The organisation said that there are still issues, even though the most damaging aspects of Solvency II for schemes have been avoided.

The most pressing of these issues is the need for proportionality in the future regime, to make legislation that is as appropriate for small schemes as it is for big schemes, Aon Hewitt said.

"It's tempting in the light of the 'triumph' of keeping the worst aspects of Solvency II out of legislation to think that the battle is won," said Aon Hewitt partner Kevin Wesbroom.

He added: "But this isn't the time for the industry to sit back – if anything it's a case of 'once more into the breach, dear friends'! The idea that UK schemes will be asked to pay a levy to continue work on these proposals suggests that the EC is still not in its best listening mode."

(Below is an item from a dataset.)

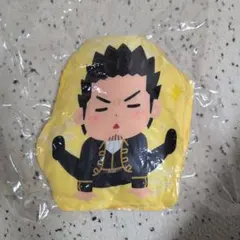 銀魂 いらすとや ダイカットクッション 近藤勲 — image 1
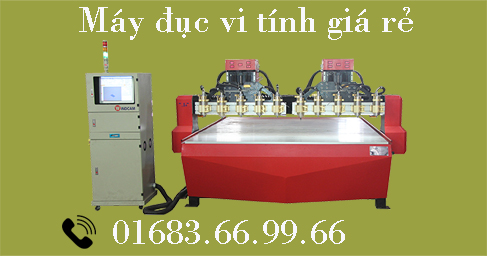 Giá máy đục vi tính nhiều đầu ở đâu rẻ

The EC confirmed that it plans to go ahead with its proposals to extend the Solvency II pillar 2 requirements to pensions schemes, which relate to governance and risk management, and also the Pillar 3 requirements, which relate to standardised disclosures to supervisors and to members.

Wesbroom said that there are some "very good and powerful parts" in the risk management framework that codify the way good schemes already manage their affairs, and that this would be the European equivalent of the Complete Financial Management plans that The Pensions Regulator (TPR) has talked about.

"However," said Wesbroom, "from the standpoint of UK schemes, the big issue is whether the EC can draft legislation which is genuinely proportionate - as suitable for the £50m scheme as for the one worth £5bn.

"There are plenty of lightly resourced UK schemes in the small to medium end of the market - and we have to keep up the fight to ensure that they are subject to the right legislation.

"Governance of the vast swathe of small to mid-sized schemes that are a feature of the UK pensions landscape will be a significant regulatory challenge in the years ahead for both UK and European regulators."